*** DATA SHOWN Section Begins ***

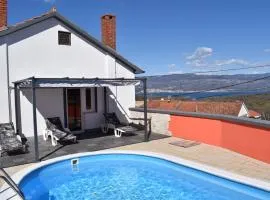 Holiday House Risika Seaview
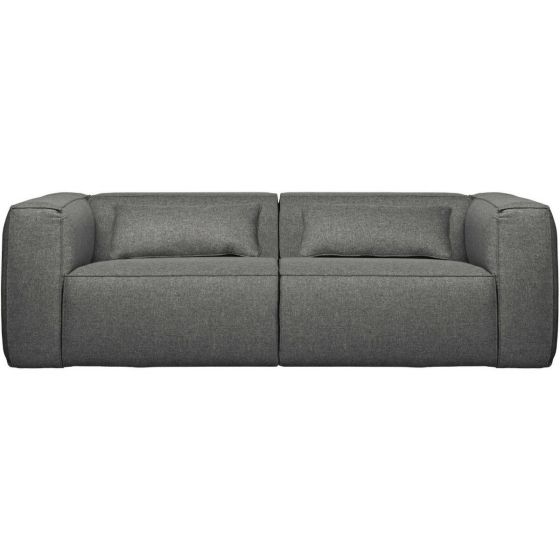 Bean 3,5-zits incl. kussens gemêleerd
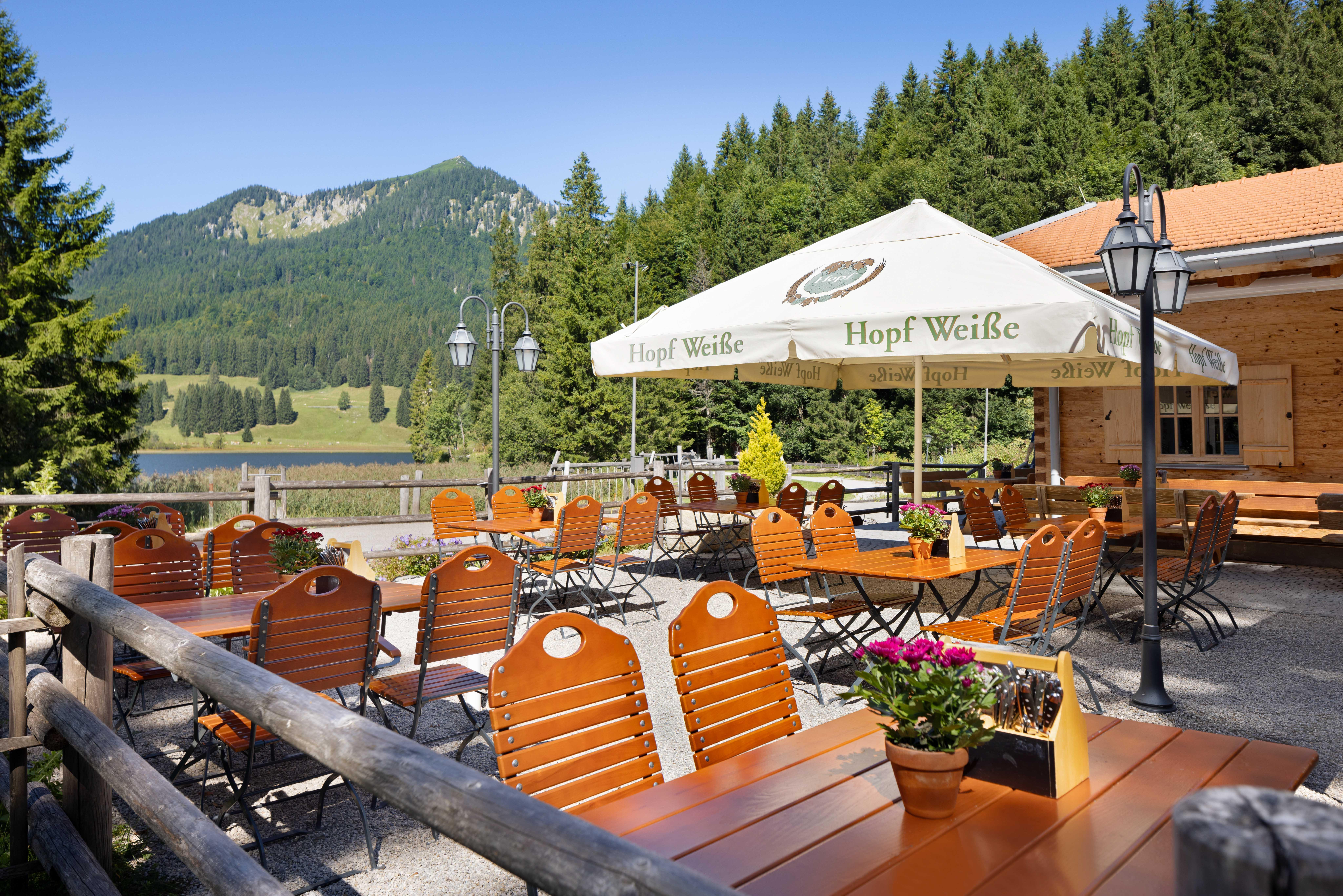 Arabella Alpenhotel Am Spitzingsee, A Tribute Portfolio Hotel Exteriör bild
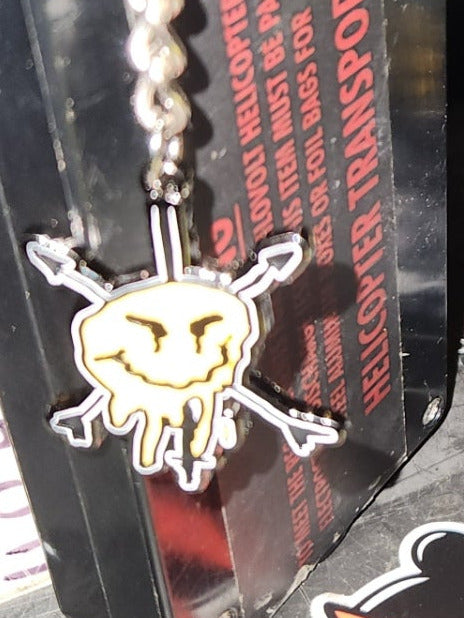 KEYCHAIN (dbs)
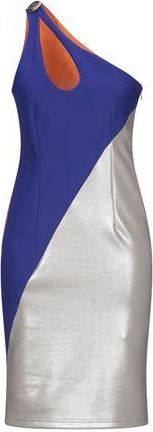 FAUSTO PUGLISI VESTIDOS - Vestidos midi en YOOX.COM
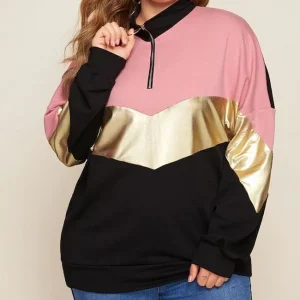 SUDADERA MODELO CIDIA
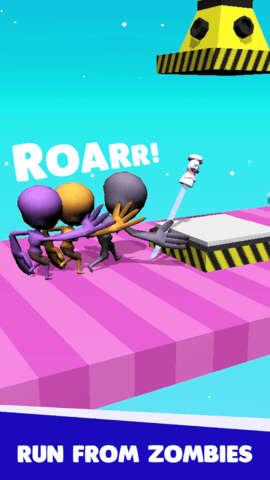 厨师先生切片 1.0.0 安卓版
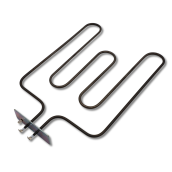 Resistenza solenoide 1530W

*** DATA SHOWN Section Ends ***

- [EXERCISE REQUIREMENTS] This task calls for the lines from the line containing "Arabella Alpenhotel Am" through the end of the listing, set down exactly and only, with pictures omitted.

- [TASK RESPONSE]
 Arabella Alpenhotel Am Spitzingsee, A Tribute Portfolio Hotel Exteriör bild
 KEYCHAIN (dbs)
 FAUSTO PUGLISI VESTIDOS - Vestidos midi en YOOX.COM
 SUDADERA MODELO CIDIA
 厨师先生切片 1.0.0 安卓版
 Resistenza solenoide 1530W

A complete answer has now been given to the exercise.